Bei ihnen kann die Sozialhilfe laut EU-Richtlinie „auf Kernleistungen“beschränkt werden. Zwar gibt es auch hier die Einschränkung, dass diese Beschränkung „unter denselben Voraussetzungen wie für eigene Staatsangehörige“zu gelten habe, allerdings gibt es bereits eine Entscheidung des Verwaltungsgerichtshofes, was das für Österreich bedeutet.
Nur Grundversorgung
Er hat 2011 die burgenländische Praxis für korrekt befunden, wonach subsidiär Schutzberechtigte nicht die Mindestsicherung, sondern nur die niedrigere Grundversorgung bekommen. Erwachsene bekommen dabei 180 Euro für Verpflegung, 110 Euro für Miete und 40 Euro Taschengeld. Diese Schlechterstellung gibt es auch in Salzburg, der Steiermark – und seit kurzem auch in Niederösterreich.
Schwieriger ist die Frage, ob Sozialleistungen an einen vorgegebenen Wohnsitz gekoppelt werden dürfen. Der Europäische Gerichtshof (EuGH) hat im März 2016 ein Urteil gefasst, laut dem das bei subsidiär Schutzberechtigten nur unter bestimmten Voraussetzungen möglich ist.
Grundsätzlich hätten nämlich nicht nur anerkannte Flüchtlinge, sondern auch Personen mit subsidiärem Schutz ein Recht auf Bewegungsfreiheit. Dieses könne auch nicht einfach mit dem Argument eingeschränkt werden, der Staat wolle „eine angemessene Verteilung öffentlicher Sozialhilfelasten“erreichen. Hier dürfe es keine Ungleichbehandlung mit Inländern oder Drittstaatsangehörigen, die Sozialhilfe bekommen, geben.

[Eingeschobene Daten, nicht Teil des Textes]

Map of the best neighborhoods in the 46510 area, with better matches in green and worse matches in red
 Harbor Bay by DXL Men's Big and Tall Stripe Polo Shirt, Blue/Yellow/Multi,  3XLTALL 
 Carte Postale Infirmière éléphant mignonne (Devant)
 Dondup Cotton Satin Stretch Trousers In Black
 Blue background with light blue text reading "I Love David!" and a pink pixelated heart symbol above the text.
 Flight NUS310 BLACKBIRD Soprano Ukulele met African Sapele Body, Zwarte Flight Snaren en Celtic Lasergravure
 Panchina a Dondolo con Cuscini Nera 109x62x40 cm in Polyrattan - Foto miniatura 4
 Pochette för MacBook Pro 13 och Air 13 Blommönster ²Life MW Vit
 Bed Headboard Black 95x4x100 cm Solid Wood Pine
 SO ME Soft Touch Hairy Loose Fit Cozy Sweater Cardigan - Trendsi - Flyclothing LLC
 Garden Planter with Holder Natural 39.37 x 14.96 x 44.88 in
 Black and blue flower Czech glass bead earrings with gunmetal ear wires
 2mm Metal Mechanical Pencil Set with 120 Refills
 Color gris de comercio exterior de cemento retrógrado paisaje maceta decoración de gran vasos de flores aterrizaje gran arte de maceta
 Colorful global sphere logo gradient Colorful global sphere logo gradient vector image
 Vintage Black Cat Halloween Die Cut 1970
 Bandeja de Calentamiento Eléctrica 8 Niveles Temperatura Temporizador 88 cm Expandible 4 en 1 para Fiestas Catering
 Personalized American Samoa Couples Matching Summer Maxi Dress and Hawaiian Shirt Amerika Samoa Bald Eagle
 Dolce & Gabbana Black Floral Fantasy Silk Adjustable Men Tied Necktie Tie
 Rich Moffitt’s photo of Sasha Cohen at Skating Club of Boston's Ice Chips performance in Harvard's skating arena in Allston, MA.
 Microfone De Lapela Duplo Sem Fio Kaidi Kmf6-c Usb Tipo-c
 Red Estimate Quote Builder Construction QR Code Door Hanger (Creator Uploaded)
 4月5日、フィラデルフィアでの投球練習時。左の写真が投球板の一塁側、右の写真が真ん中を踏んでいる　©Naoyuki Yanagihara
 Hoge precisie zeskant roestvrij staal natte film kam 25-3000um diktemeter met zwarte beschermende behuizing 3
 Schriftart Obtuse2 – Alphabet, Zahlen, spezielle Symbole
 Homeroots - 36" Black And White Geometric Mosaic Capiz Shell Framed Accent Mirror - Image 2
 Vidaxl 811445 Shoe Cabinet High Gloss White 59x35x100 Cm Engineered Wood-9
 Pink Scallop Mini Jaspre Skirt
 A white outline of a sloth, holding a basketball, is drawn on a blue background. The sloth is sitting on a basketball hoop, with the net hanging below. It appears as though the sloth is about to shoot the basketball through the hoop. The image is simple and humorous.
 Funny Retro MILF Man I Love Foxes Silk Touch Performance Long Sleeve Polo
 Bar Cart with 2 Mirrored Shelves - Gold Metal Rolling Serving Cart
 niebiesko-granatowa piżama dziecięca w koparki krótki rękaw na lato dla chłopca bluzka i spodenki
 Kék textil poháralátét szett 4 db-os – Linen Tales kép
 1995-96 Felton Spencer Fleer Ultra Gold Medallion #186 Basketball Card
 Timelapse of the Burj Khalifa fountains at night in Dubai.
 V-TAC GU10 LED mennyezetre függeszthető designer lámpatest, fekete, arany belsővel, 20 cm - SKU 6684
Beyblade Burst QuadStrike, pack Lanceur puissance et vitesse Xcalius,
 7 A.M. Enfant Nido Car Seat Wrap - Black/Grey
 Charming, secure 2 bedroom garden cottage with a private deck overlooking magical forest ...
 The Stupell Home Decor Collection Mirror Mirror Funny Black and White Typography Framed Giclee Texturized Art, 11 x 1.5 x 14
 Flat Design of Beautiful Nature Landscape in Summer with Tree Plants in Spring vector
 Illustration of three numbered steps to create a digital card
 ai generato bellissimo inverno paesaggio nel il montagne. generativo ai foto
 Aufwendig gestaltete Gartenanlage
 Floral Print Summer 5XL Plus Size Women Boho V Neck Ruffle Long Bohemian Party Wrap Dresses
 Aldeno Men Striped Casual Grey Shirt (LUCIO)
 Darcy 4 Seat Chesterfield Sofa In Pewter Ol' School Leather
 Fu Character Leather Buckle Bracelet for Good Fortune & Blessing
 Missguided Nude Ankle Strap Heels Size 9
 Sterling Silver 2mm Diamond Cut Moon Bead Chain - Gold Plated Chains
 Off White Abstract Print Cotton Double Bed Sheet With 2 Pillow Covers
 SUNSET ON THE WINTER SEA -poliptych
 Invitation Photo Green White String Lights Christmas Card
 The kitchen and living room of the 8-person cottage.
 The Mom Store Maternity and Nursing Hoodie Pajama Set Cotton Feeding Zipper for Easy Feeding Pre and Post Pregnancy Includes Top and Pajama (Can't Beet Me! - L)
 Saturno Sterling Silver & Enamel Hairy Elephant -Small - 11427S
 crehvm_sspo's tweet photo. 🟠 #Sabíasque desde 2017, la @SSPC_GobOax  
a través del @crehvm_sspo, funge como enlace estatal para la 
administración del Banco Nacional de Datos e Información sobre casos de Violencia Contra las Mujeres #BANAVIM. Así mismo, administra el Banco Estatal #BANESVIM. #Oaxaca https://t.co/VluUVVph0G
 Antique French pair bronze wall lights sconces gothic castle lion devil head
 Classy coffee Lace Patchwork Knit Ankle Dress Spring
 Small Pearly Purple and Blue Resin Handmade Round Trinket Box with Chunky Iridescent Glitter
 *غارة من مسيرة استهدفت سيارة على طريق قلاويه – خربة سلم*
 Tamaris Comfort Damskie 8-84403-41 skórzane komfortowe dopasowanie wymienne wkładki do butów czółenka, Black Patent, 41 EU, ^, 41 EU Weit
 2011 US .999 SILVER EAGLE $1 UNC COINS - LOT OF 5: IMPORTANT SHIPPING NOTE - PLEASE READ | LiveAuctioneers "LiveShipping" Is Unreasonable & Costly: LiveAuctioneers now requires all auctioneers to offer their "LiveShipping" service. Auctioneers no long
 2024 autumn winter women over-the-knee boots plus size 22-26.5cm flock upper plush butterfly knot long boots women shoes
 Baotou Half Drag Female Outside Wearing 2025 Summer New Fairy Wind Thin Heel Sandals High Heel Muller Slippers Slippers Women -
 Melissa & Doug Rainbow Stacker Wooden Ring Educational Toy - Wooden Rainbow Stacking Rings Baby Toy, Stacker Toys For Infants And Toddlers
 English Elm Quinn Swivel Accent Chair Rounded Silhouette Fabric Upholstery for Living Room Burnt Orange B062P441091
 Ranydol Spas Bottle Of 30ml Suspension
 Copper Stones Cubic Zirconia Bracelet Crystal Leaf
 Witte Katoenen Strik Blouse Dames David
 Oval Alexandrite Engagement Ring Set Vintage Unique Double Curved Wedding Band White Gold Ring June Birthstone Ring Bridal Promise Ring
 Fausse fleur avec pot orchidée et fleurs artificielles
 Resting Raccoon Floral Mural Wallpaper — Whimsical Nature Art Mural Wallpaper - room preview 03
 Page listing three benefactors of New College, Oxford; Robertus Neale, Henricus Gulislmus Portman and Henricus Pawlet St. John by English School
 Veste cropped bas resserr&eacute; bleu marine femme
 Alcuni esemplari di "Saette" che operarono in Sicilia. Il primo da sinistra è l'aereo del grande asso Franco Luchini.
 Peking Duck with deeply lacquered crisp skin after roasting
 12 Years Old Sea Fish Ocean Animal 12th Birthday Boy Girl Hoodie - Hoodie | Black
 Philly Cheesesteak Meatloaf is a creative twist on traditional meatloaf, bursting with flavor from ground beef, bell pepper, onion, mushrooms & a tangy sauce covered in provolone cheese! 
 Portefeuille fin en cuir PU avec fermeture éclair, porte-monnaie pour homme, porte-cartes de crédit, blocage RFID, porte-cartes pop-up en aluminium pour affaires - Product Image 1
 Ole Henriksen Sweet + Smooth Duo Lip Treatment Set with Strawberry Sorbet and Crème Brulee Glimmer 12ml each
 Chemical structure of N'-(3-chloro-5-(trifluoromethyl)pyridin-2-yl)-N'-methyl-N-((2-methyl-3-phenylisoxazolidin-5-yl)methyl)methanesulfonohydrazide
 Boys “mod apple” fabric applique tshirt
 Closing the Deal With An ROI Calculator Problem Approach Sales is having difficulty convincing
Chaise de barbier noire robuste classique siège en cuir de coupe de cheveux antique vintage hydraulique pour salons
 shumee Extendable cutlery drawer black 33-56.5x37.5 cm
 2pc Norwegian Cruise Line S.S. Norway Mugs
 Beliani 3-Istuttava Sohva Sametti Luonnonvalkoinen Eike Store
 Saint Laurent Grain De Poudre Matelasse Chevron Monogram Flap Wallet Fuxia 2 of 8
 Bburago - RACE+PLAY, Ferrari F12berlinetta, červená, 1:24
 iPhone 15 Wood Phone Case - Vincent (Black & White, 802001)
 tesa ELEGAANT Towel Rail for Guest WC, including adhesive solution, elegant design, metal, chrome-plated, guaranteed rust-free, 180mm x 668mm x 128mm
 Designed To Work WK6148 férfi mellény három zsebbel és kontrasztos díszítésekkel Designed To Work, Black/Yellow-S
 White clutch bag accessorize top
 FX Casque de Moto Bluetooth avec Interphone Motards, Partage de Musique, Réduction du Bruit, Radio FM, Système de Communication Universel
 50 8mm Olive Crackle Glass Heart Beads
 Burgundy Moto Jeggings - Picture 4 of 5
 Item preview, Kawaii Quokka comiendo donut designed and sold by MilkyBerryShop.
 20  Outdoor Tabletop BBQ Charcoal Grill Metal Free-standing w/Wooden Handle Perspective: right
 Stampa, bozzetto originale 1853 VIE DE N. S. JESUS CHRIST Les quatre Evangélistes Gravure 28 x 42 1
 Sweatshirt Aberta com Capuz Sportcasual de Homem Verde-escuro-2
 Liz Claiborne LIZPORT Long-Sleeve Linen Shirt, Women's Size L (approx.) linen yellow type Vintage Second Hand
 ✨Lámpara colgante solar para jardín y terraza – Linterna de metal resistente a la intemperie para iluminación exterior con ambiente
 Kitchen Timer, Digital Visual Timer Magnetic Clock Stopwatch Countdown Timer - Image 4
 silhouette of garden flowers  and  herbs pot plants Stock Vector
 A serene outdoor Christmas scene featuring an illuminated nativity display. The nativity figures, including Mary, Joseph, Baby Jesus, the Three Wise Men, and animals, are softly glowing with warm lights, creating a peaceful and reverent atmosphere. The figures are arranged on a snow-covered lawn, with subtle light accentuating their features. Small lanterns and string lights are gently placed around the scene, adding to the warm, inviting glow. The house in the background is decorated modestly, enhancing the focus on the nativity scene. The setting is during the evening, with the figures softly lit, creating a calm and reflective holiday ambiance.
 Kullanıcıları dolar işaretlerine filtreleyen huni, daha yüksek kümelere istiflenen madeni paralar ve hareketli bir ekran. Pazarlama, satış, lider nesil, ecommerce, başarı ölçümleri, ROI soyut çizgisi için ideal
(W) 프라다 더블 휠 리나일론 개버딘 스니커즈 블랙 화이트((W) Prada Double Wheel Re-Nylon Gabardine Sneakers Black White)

Wann sind dann aber Wohnsitzauflagen zulässig? Laut EuGH nur dann, wenn es bei subsidiär Schutzberechtigten in stärkerem Maß Integrationsschwierigkeiten gibt. Es müsse aber explizit geprüft werden, ob diese Probleme im Vergleich zu anderen NichtEU-Bürgern, die Sozialleistungen beziehen, größer seien.